About this task
Below are some records. Print exactly the lines between the one holding "Classic Blue And Red Striped Mens Tie" and the one holding "Off Shoulder Contrast", inclusive, and nothing else.
-------- Input material
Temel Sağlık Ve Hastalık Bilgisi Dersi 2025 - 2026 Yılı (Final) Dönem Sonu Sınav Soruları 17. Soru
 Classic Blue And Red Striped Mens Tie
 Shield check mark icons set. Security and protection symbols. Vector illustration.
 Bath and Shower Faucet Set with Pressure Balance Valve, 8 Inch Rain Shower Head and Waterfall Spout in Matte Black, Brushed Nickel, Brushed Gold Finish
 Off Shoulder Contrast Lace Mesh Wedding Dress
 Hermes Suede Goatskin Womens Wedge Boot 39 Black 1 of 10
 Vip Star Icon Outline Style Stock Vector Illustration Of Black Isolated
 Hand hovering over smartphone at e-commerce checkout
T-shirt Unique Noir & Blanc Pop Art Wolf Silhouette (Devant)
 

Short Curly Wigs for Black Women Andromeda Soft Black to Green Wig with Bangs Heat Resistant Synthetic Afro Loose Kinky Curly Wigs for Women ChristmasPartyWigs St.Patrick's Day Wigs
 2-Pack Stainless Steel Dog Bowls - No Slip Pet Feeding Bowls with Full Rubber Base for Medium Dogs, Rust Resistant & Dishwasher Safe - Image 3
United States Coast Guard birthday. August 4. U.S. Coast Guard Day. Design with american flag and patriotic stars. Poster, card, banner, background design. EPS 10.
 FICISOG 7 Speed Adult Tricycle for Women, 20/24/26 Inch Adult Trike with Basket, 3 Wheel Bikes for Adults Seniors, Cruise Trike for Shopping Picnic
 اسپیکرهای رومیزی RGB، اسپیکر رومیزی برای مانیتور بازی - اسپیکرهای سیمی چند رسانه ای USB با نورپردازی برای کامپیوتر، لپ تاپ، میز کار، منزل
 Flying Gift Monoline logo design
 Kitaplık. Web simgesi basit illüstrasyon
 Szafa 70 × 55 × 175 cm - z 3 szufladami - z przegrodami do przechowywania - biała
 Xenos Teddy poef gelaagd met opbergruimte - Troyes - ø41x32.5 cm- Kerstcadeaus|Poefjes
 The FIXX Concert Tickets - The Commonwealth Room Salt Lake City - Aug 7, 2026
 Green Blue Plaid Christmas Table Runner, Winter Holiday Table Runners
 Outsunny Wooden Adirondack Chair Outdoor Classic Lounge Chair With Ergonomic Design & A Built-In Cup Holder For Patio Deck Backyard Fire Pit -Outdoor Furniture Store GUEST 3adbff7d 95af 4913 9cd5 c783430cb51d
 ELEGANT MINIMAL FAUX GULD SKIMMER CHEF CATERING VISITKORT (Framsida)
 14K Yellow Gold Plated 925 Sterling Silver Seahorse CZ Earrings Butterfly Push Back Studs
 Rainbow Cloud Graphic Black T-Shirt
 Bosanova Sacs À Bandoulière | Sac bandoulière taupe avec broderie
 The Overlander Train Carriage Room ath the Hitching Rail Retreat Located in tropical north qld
----------------
Answer
 Classic Blue And Red Striped Mens Tie
 Shield check mark icons set. Security and protection symbols. Vector illustration.
 Bath and Shower Faucet Set with Pressure Balance Valve, 8 Inch Rain Shower Head and Waterfall Spout in Matte Black, Brushed Nickel, Brushed Gold Finish
 Off Shoulder Contrast Lace Mesh Wedding Dress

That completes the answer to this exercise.